Wo liegt Frischlin, der Bruder meines Geistes,
     Wo scharrten sie des Edeln Asche hin?
Wo ist sein Grab mit stillem Moos bewachsen?
     Wo liegt Frischlin?

5
Er schlummert nur – vielleicht auf einem Anger!

     Dann Fürstenhaß lag auf ihm Hügelschwer.
Und Pfaffen brüllten über seiner Leiche:
     Verdammt ist er!

[427]
Und doch, Frischlin, hat dir vom Aug herunter
10
     Der Aetherstrahl des Genius geflammt;

Und besser warst du, als die Hasser alle,
     Die dich verdammt.

Als Knabe schon griefst du mit kühnem Finger
     Ins Saitenspiel. Als Jüngling wirbelst du

15
Der Lyra Stralen. Deine Töne flogen

     Den Wolken zu,

Die um den Mond wie Silberduft sich ziehen.
     Versammelt waren Roma’s Dichter drauf.
Sie stuzten: Aus den Wäldern der Barbaren

20
     Steigt Sang herauf?


Dir hat Apoll, wie Plautus! deinem Bruder,
     Mit eigner Hand den Sokkus angeschnürt.
Und Jokus hat in seinen Nektarkeller
     Dich selbst geführt.

25
Er reichte dir in einem Faunenhorne

     Des Göttertrankes viel.
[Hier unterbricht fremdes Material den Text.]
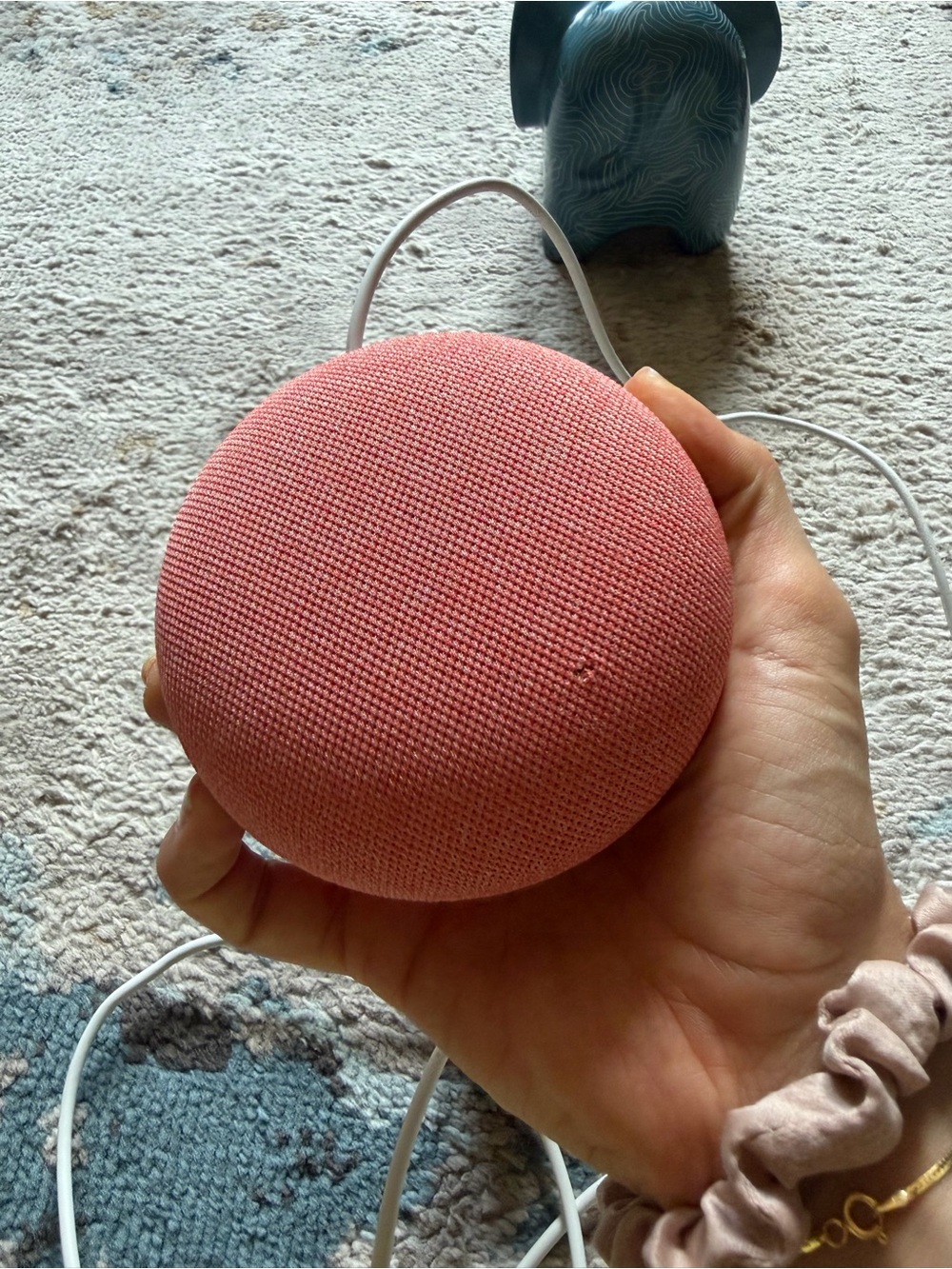 Google Home Mini First Genration - Picture 3 of 4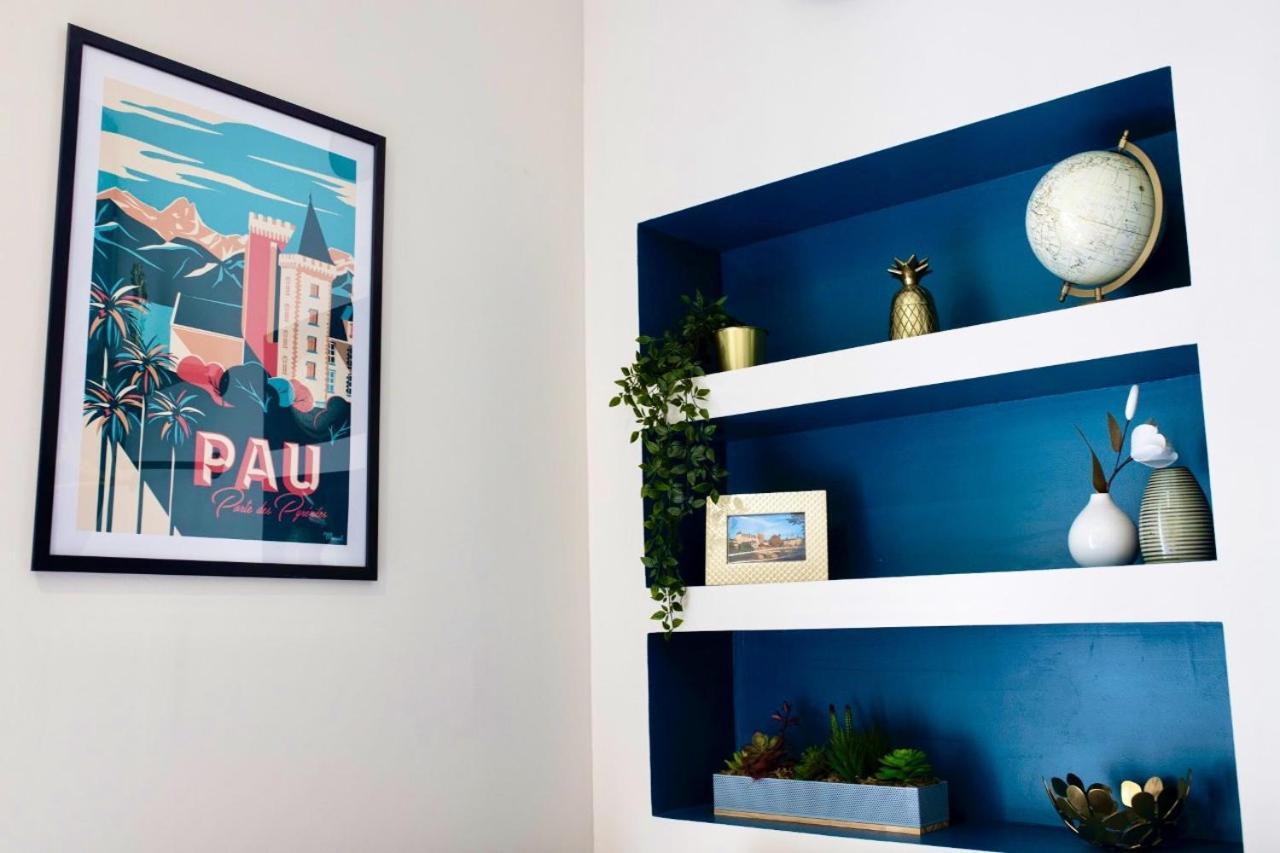 Tiny Stud Apartment Pau Bagian luar foto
Da stieg dein Herz
Herauf ins Antlitz, und die Lippen trofen
     Von hellem Scherz.

[428]
Dich hat Homers und Maro’s Geist belächelt,
30
     Und selbst der Geist des stürmenden (Pindar.)

Es segneten der Alten Geister alle
     Dich unsichtbar.

Dein Auge sah nicht mit dem Scholiasten
     Nur Wörterkram und Periodenfluß.

35
Es sah das Schöne; sah das Wetterleuchten

     Des Genius.

Wie silbernes Geträufel aus den Wolken
     War deine Red’ im vollgedrängten Saal.
Die Wahrheit schien ein Schwerdt in deinem Munde,

40
     Ein Wetterstral.


Als Römer schriebst du; aber deine Seele
     Voll Vaterland, liebt deutschen Biderton.
Du sprachst den stolzen purpurnen Tirannen
     Ins Antliz Hohn.

45
Da schlug Gewaltthat dich in Eisenfessel.

     Sie gieng voll Hohn um deine Gruft herum,
Und brüllte: Ha, da fault er nun, mein Hasser,
     Auf ewig stumm.

[429]
Du aber schnellst mit wuthbeflammten Händen
50
     Die dichtgeringte Eisenlast entzwei.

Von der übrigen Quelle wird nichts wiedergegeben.